If you have ever used Microsoft Office, you are well aware that in Word, there is not much flexibility in this matter. While in LibreOffice, you can dock most windows into toolbars and undock most toolbars into free-floating windows.
Here is how to do it:
- First, find a toolbar you want to serve as an undocked window.
- Hold down the Ctrl key and double-click an empty spot on the toolbar. This will undock the bar, and you can move it around like a standard window.
- Repeat the action to re-dock the bar.
Note: In the View menu under Toolbars, you can toggle any toolbars you do not use.
9. Create and protect LibreOffice templates
Creating templates helps to define the common layout and appearance of the document. Of course, it also saves you a lot of time.
To change the default document template to the following:
- Create a new empty document.
- Set the content and formatting styles.
- In the File menu, under Templates, select Save As Template.

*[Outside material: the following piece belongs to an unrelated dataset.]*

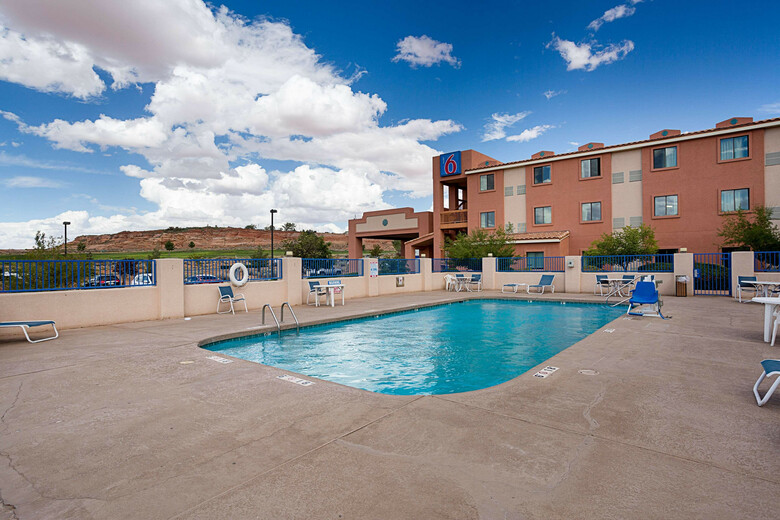 Hotel Motel 6 Page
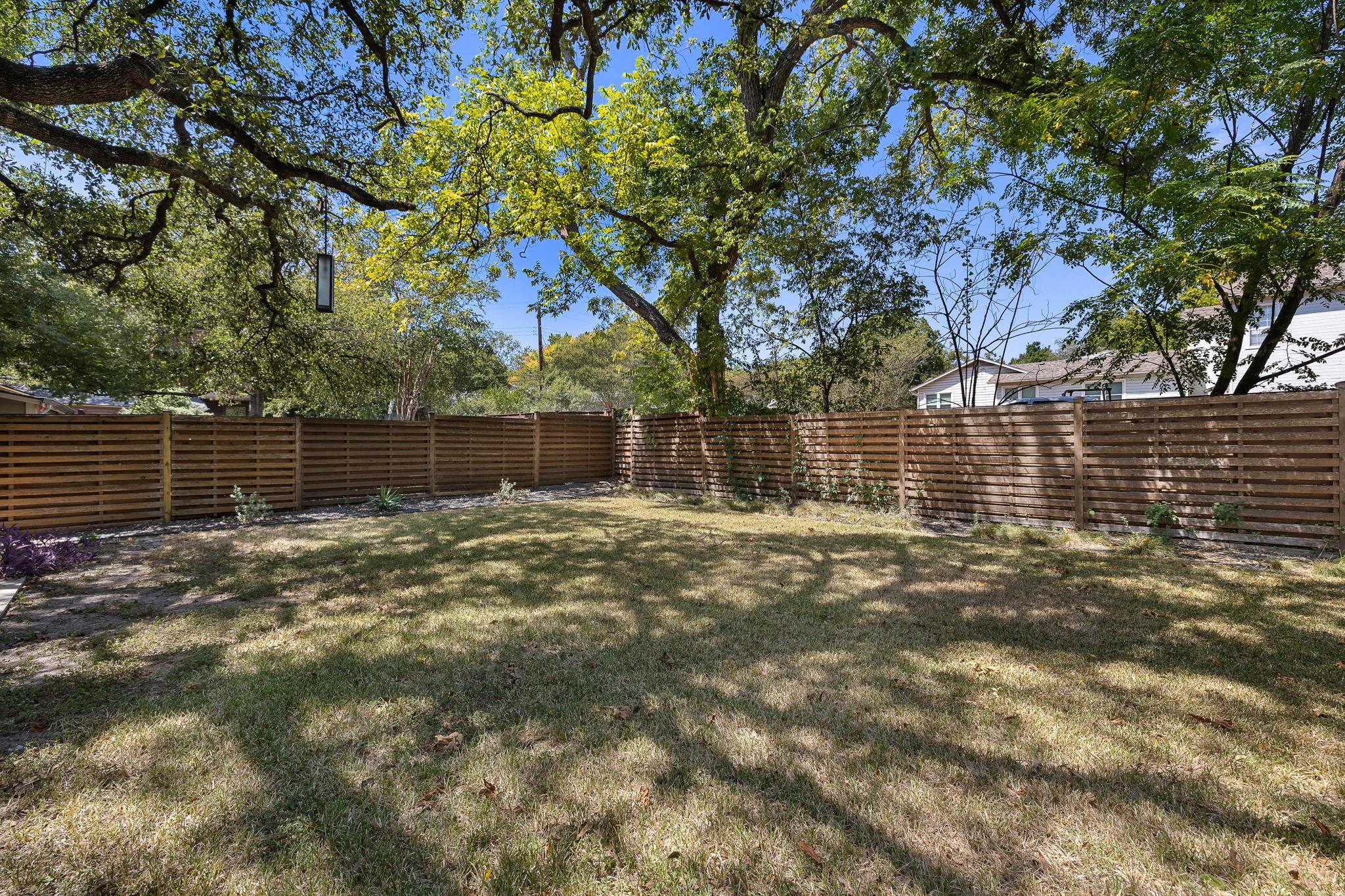1208 Kinney Ave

- Double-click the My Templates folder, then click Save. Give it a name, and click OK.
- In the File menu, under New, select Templates.
- Select the template you created, click on Set as Default and then on Close.

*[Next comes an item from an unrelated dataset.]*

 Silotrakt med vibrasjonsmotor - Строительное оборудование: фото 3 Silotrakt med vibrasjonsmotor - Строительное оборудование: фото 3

Protect your LibreOffice templates
After you have put all the effort into making the templates, we suggest you mark them as read-only and protect them with a password.
- Open the template and click on File > Properties.
- Click on the Security tab and select Read Only.
- Click the Protect button and enter (and re-enter) the wanted password.
10. The last of the LibreOffice Writer Tips: Use the Thesaurus
Do you need help finding the best words to express an idea? Then, you will be glad to hear that LibreOffice comes complete with a handy Thesaurus! Just highlight the word you need help with and then press Ctrl + F7 (Command + F7). The LibreOffice Thesaurus will open with suggestions for the word.